A second, perhaps more compelling form of evidence for indirect cuing from situation cues is the way in which many subjects were able to clearly take the situation cue, and through the provision of self-generated subcues, provide different evoked sets for sets of subcues which could be considered more direct cues. For instance, one subject's response after being asked what snacks came to mind in a situation after a workout responded as follows: "If I am in a healthy mood, I'll have a yoghurt, or fruit or something. If I'm in a bad mood, chocolate. Chocolate and Coke." In this case, the motive or benefit sought appears to be something healthy and something uplifting respectively.

A somewhat surprising observation was that some cues tended to directly evoke brands or products even though those products or brands were not preferred or even liked. The result is surprising as it runs counter to the generally accepted notion that more preferred brands are recalled earlier (e.g., Nedungadi and Hutchinson 1985). One subject asked to list what drinks came to mind when she thought of weekend parties mentioned a brand she liked, and then, in the same response, evoked a product at the same time as she indicated she did not like the product: "Bartles and James.
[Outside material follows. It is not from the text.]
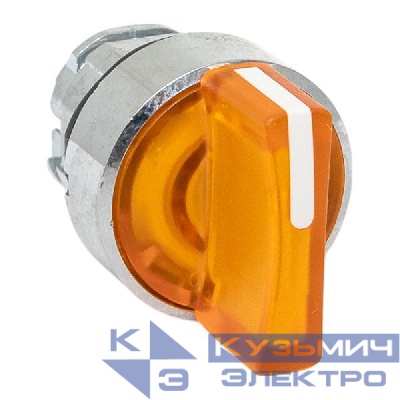Механизм переключателя исполнительный XB4 IP65 на 3 положения возвратный без фиксации с подсветкой с короткой ручкой желт. EKF XB4BD3L-Y-65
At this point, I don't like beer." Another subject cued with weekday lunch (and no product-type) responded "Cafeteria food. Yuck." It seems in both cases, that these are alternatives that are very closely associated with the situation even though the products themselves are negatively evaluated.

Nature of Evoked Sets. It was clear that the evoked sets generated had a number of characteristics of goal-derived categories. For example, one subject asked for products that came to mind when thinking about studying volunteered "Colored pens. I always used colored pens a lot to try and keep me awake.... Other things that I think of is A+ notes.... I think of sitting down with diet Coke and pretzels." This list might be designated as those things necessary to study. In terms of the more direct cue, the colored pens, diet Coke and pretzels were all identified by the subject (without prompting) as assisting in the objective of "staying awake."

TABLE 1

SITUATION ASSOCIATES AND BRAND CUES-AFTER A WORKOUT

In addition, it may be noted in the above example, and in other responses provided by subjects, that they were comfortable mixing mentions of brands and products. Another subject listing what came to mind when she thought of breakfast mentioned "Raisin Bran, bananas, toast, hash browns and chocolate milk."
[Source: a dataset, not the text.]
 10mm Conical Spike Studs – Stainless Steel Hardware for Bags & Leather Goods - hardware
This mixing of the mentions of brands and products reflects Rosch's (1975) notion of "basic levels" of categorization. However, it also represents the limit of categorization for some subjects. At least some subjects made the comment that "I don't know the brands of things." It seems plausible that this lack of brand knowledge may reflect that subcategorization and branding is not particularly important to consumersCthat is, a banana is adequate whether it is Chiquita or some unknown brand. On the other hand, brands like Coke enjoyed very high recall being mentioned virtually whenever drinks were under discussion.

It was noted that subjects did not always use the category labels that might be given to a category by a marketer. One example was that some subjects mentioned Coke; however, their subsequent comments and responses indicated that they were referring to the category of sodas. A similar example was the mention of Pop-Tarts which sometimes referred to the Kellogg's brand, and sometimes to the category of toaster pastries.

When discussing snacks, many mentioned the category of "junk food." The attributes of the category were not altogether clear. Despite this, subjects did not generally appear to feel a need to articulate the nature of the category implying that there was a shared understanding about the nature of junk food. Similarly, many restaurants were grouped as fast-food, which in the words of one subject, is where "you can go through a drive-through."

TABLE 2

CHI-SQUARED ANALYSIS OF EVOCATION BY CUE

Finally, some subjects indicated that they were not sure what to call some categories of products. One subject recalling brands of potato chips said "Planters for their kind of things, but not for potato chips." Perhaps if forced on the issue he could have given a label to the category of "their kind of things," but clearly it was not a label that was readily accessible.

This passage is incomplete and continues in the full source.